Transcribe the following entries word for word; no picture is to appear in the copy.

* * * * *

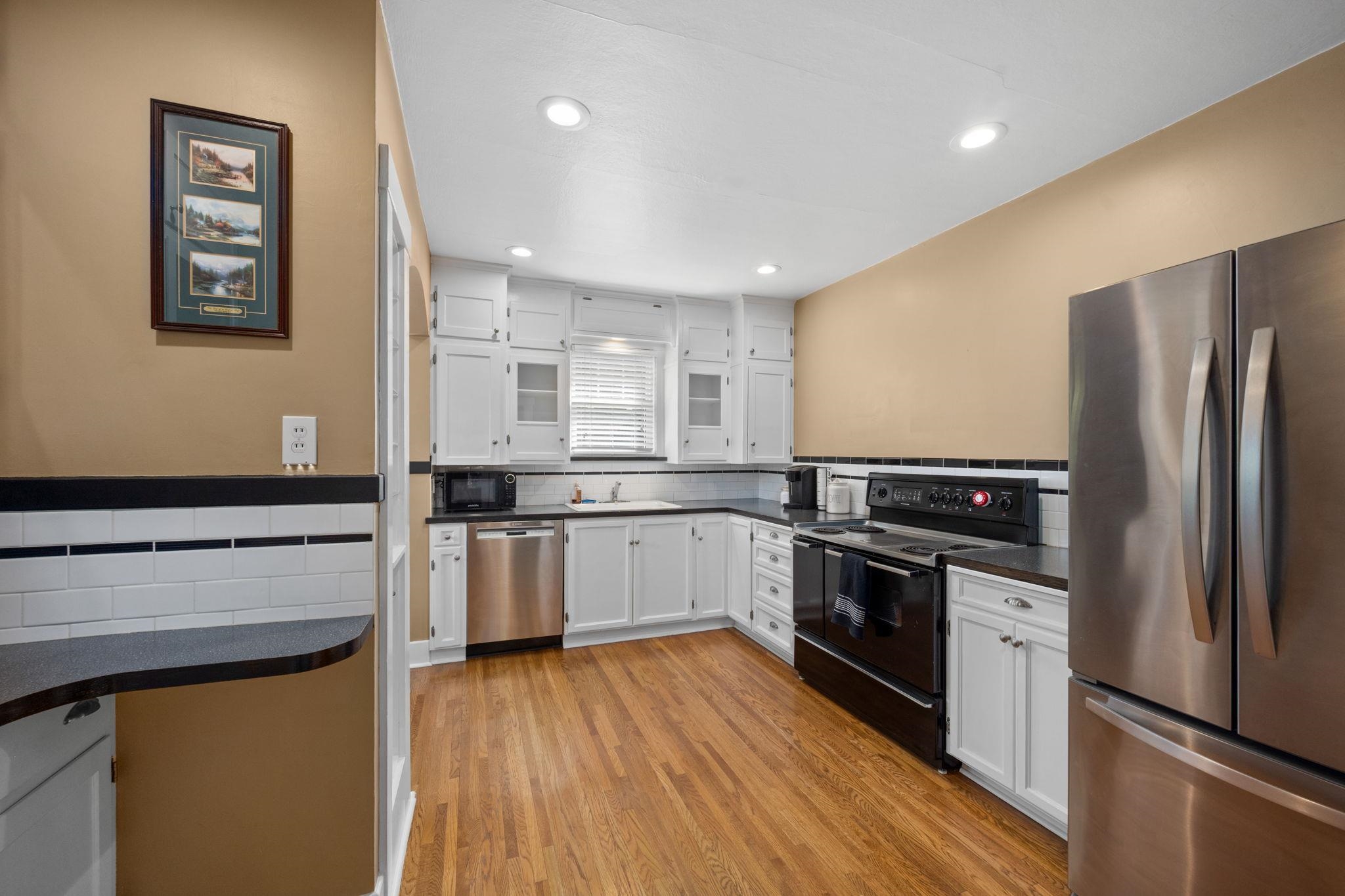3408 N Lidgerwood St - Photo 12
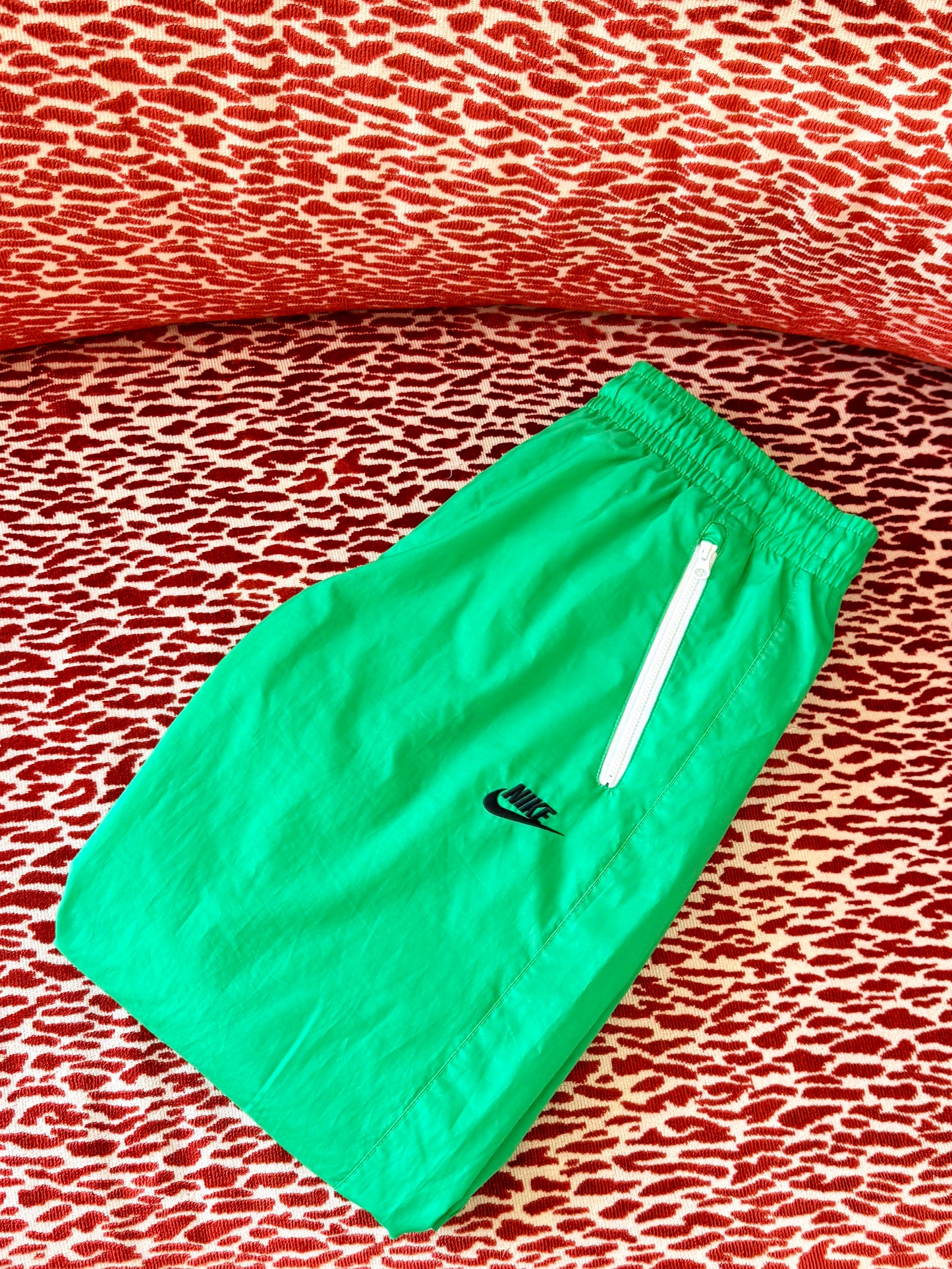 Pre-Loved Nike Green Windbreaker Joggers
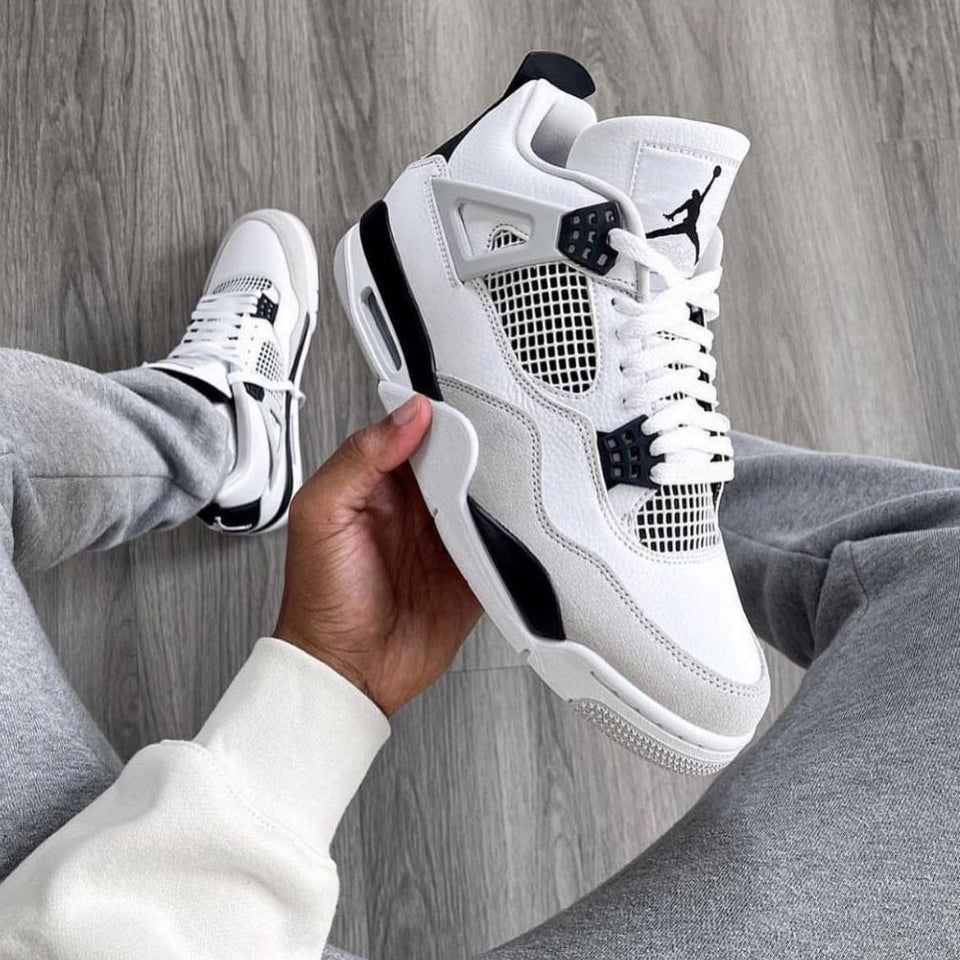 Air Jordan 4 Retro White Grey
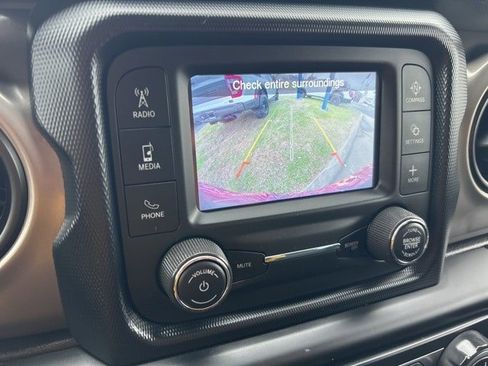 Used 2019 Jeep Wrangler Sport w/ Quick Order Package 28S image 24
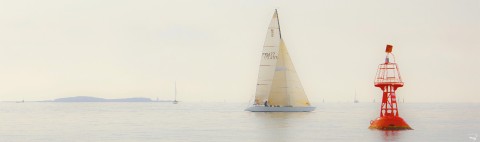 Photo 6 meters JI in light wind par Philip Plisson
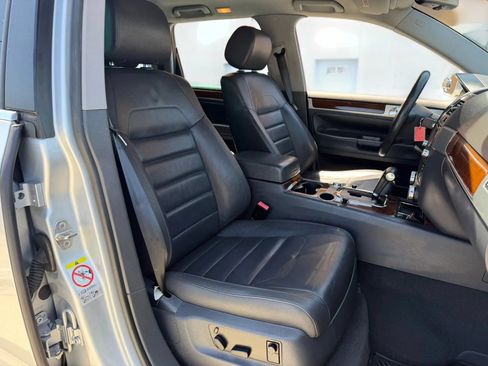 Used 2008 Volkswagen Touareg V6 AWD/4WD image 25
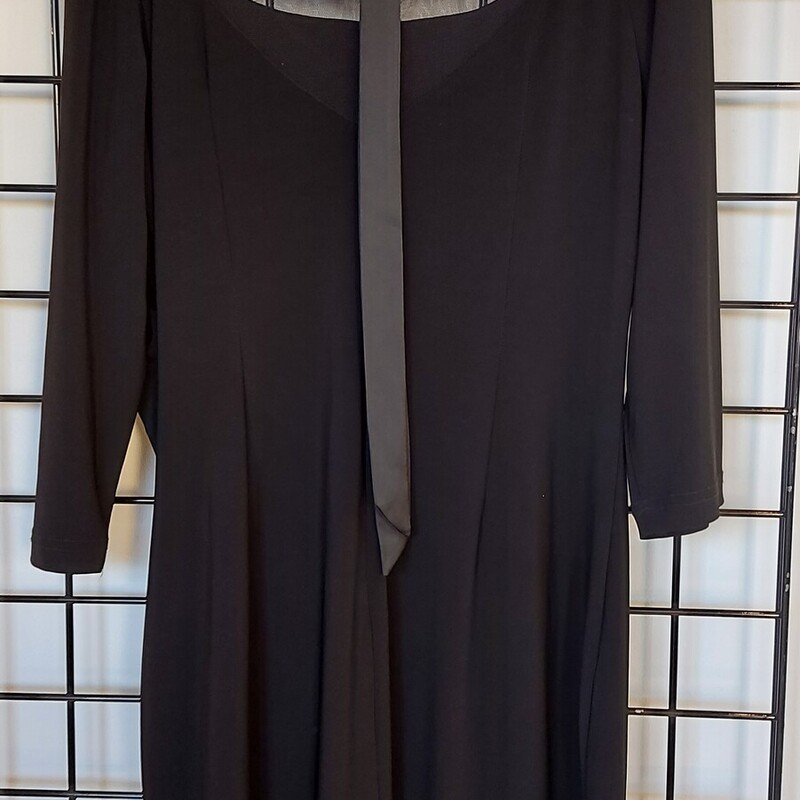 Joseph Ribkoff Dress, Black, Size: 16
new with tags was priced at $268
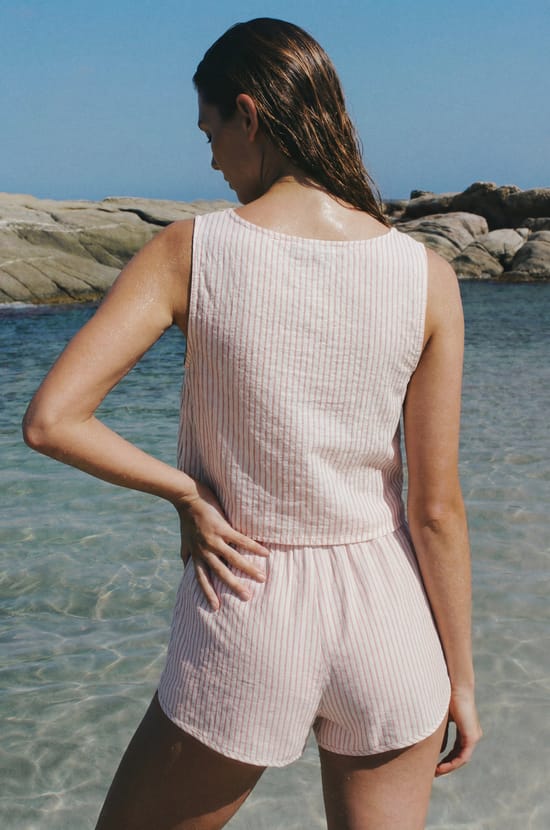 Short &agrave; rayures avec lin;${refinementColor}
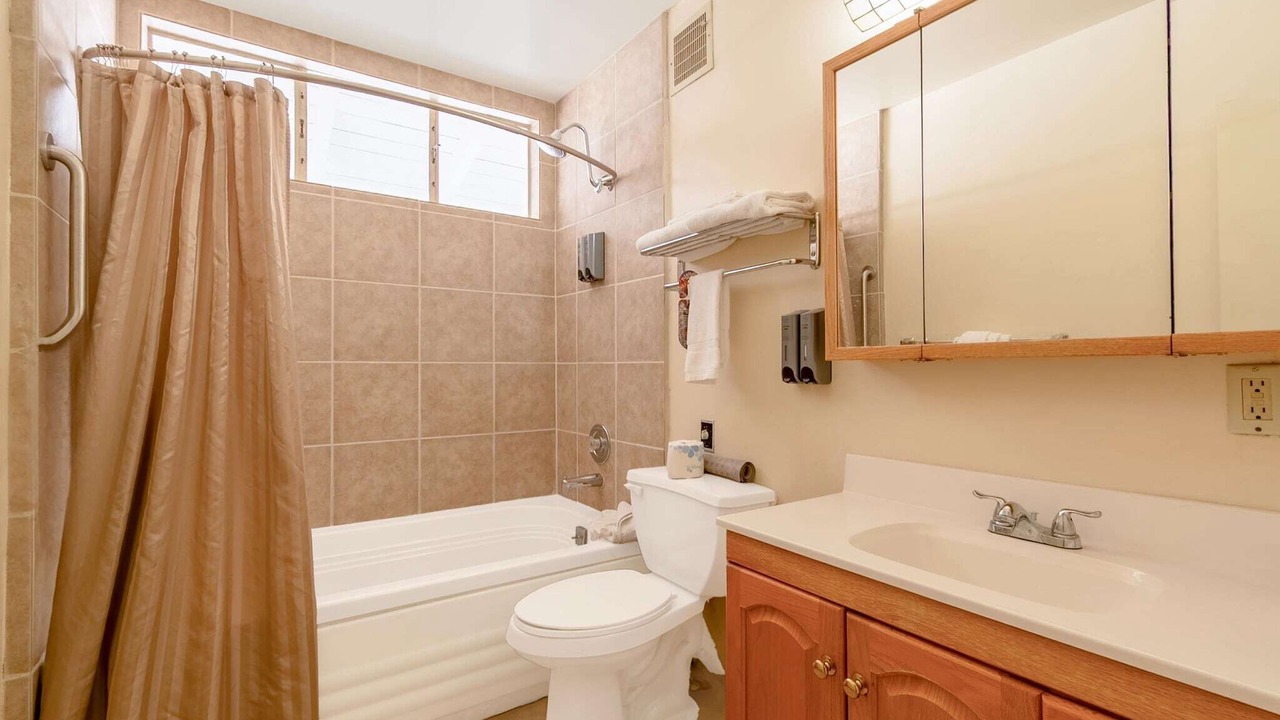 Photo of Bathroom in Yuma Townsite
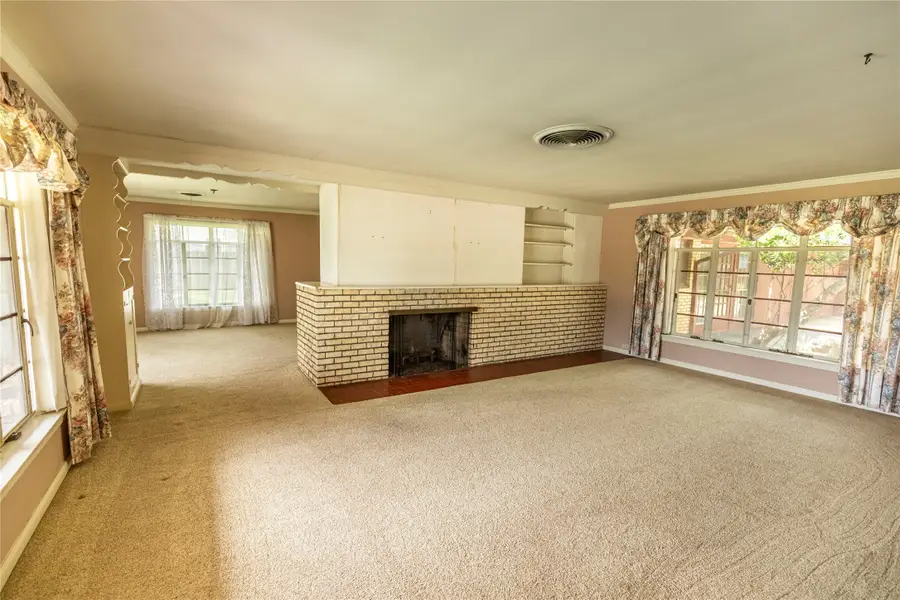 322 E O'bryant Street, Bellville, TX 77418 - #2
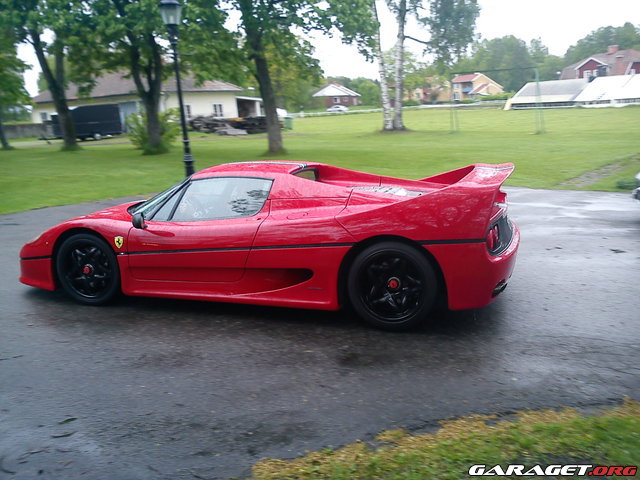 https://www1.garaget.org/gallery/images/106/105304/105304-bfc3bf8296101e148a269c1222aa30cd.jpg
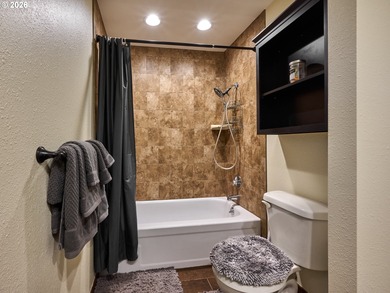 Welcome to golf course living without the HOA! This beautifully on Arrowhead Golf Club in Oregon - for sale on GolfHomes.com, golf home, golf lot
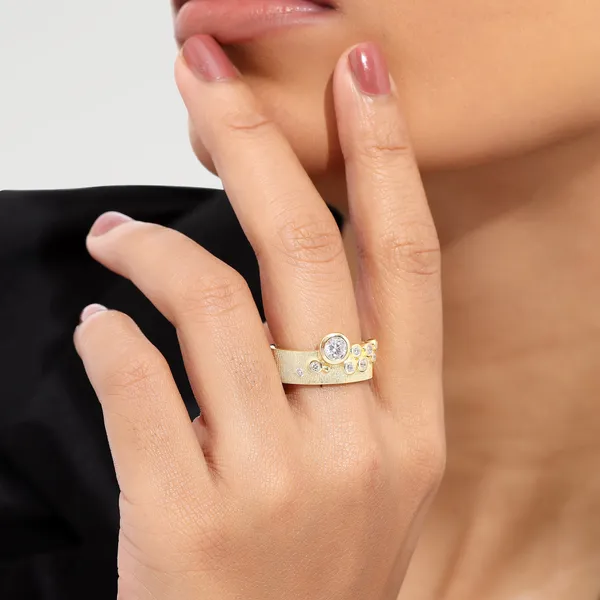 Ora_Golden_Diamond_Adjustable_Ring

* * * * *

**WRITTEN SOLUTION**:
3408 N Lidgerwood St - Photo 12
 Pre-Loved Nike Green Windbreaker Joggers
 Air Jordan 4 Retro White Grey
 Used 2019 Jeep Wrangler Sport w/ Quick Order Package 28S image 24
 Photo 6 meters JI in light wind par Philip Plisson
 Used 2008 Volkswagen Touareg V6 AWD/4WD image 25
 Joseph Ribkoff Dress, Black, Size: 16
new with tags was priced at $268
 Short &agrave; rayures avec lin;${refinementColor}
 Photo of Bathroom in Yuma Townsite
 322 E O'bryant Street, Bellville, TX 77418 - #2
 https://www1.garaget.org/gallery/images/106/105304/105304-bfc3bf8296101e148a269c1222aa30cd.jpg
 Welcome to golf course living without the HOA! This beautifully on Arrowhead Golf Club in Oregon - for sale on GolfHomes.com, golf home, golf lot
 Ora_Golden_Diamond_Adjustable_Ring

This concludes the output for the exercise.